With the world facing a global pandemic, many government contracted businesses have found themselves needing to make changes to their business operations. COVID-19 is impacting almost every aspect of normal workplace functions, so DoD contractors are faced with decisions for how to continue operating.
For many contractors, workforces have had to transition to remote work setups. For others, operations are considered essential, so your workplace operations may be similar to what they are normally. That said, there are still a number of factors related to government contracting being impacted by COVID-19 that all contractors should be aware of.
One of those factors being affected is the upcoming rollout of the Defence Department’s unified cyber security system, the Cybersecurity Maturity Model Certification (CMMC). Implementation of the new regulations is currently on hold, although DoD contractors are still strongly urged to continue preparing for audits.
When was the CMMC released and what does it do?
The CMMC is a new cybersecurity program that the DOD is in the process of rolling out to help make cybersecurity among DoD contractors more effective. The guidelines that must be met to pass a CMMC audit are designed to better protect controlled unclassified information—also known as CUI—that many DOD contractors use and store.
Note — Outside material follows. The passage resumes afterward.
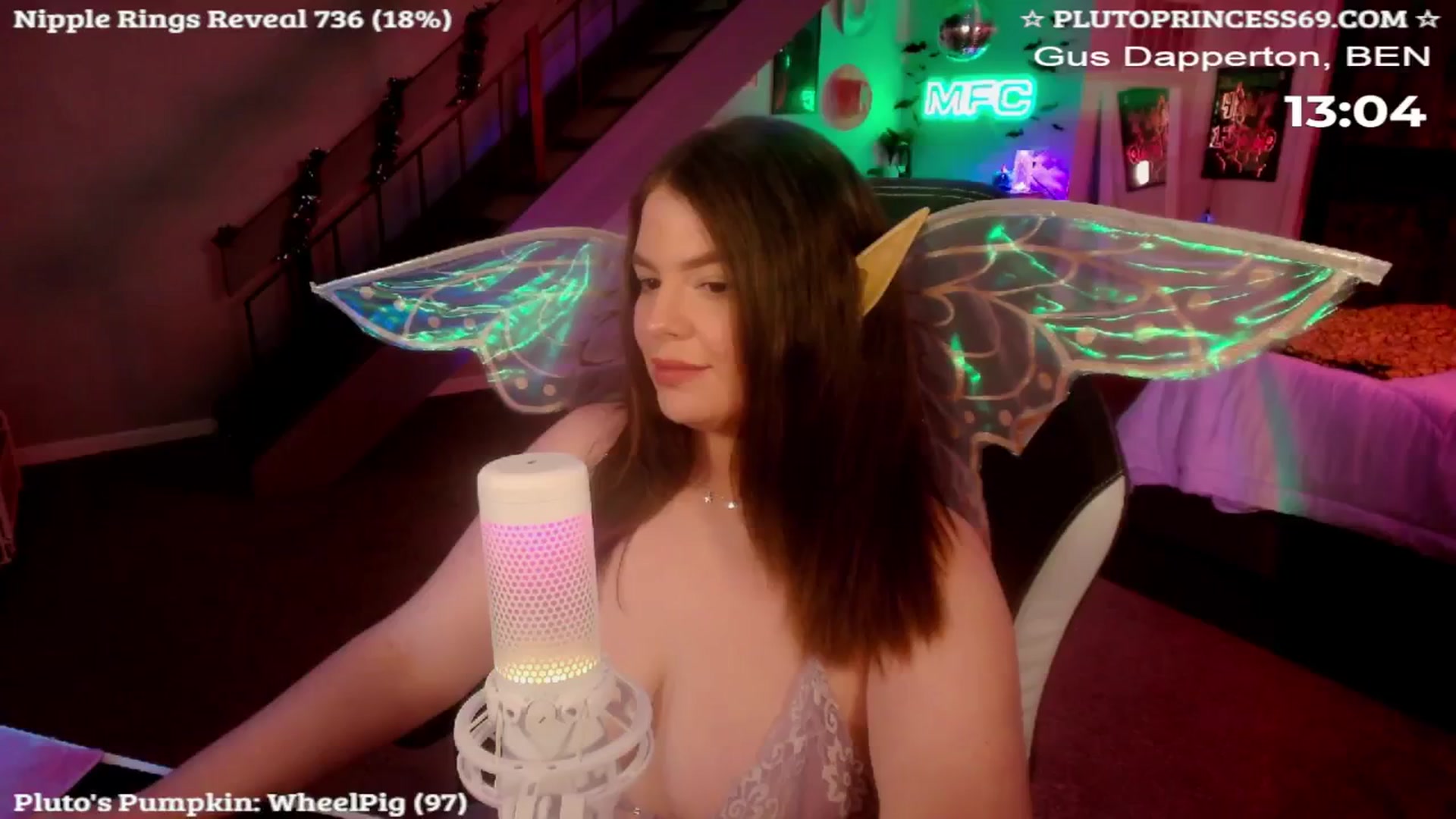 Gallery image thumbnail from PlutoPrincess's myfreecams stream on, 10/28/2024, 06:30 image 17 of 20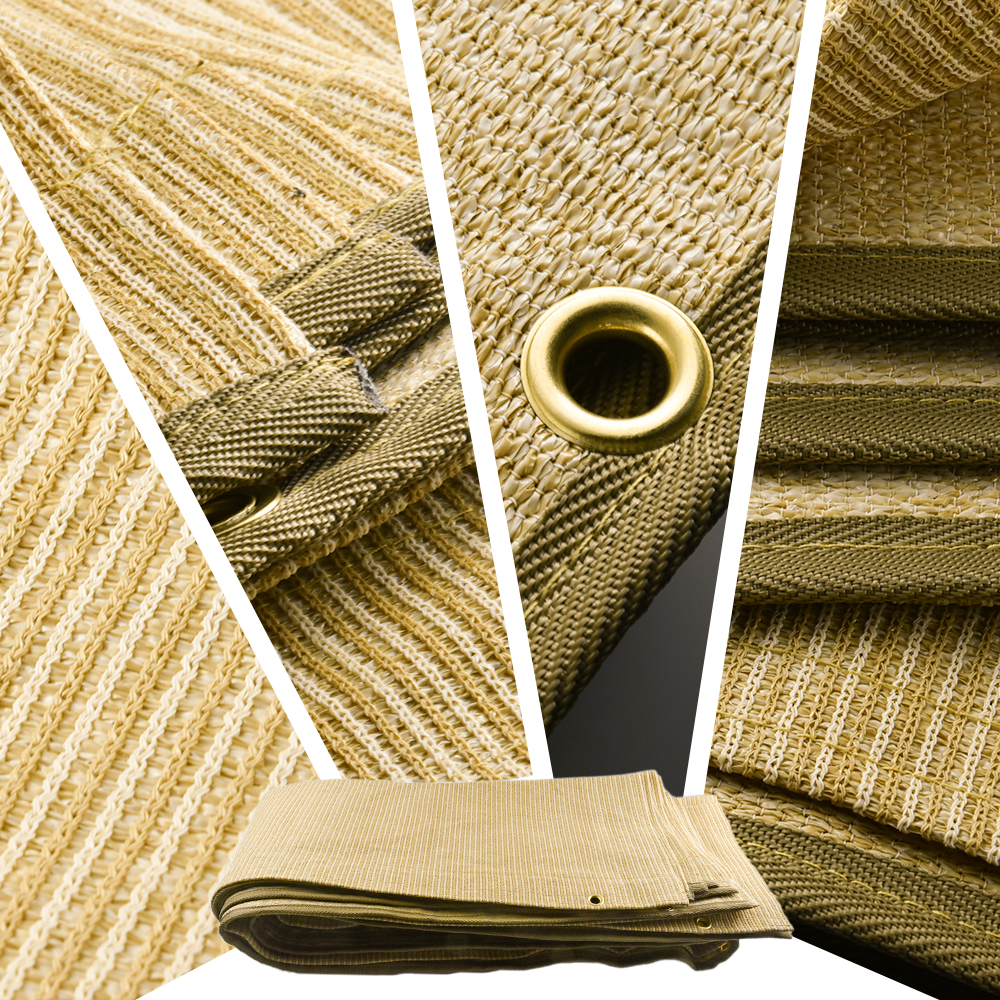 מפרש צל בהתאמה אישית לגן פרגולה חיצוני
The original version of the CMMC was released in January of this year.
In light of the new CMMC regulations, all companies working on DoD contracts are now required to have adequate cybersecurity protection in place to pass this audit and continue working on contracts. If a company is found to be working on a DoD contract without a valid CMMC certification, they can be disqualified from completing future work. In order to gain the correct certification, contractors and companies need to undertake the accreditation organized by the CMMC Accreditation Body.
How has the new CMMC impacted DOD contractors and those preparing for CMMC audits?
Katie Arrington, the chief information security officer for DOD acquisition has said regarding the CMMC delays: “Everything was on schedule; I have no idea how this is going to impact things. I don’t know if it will, I don’t know if it won’t because we were doing online training in some cases.”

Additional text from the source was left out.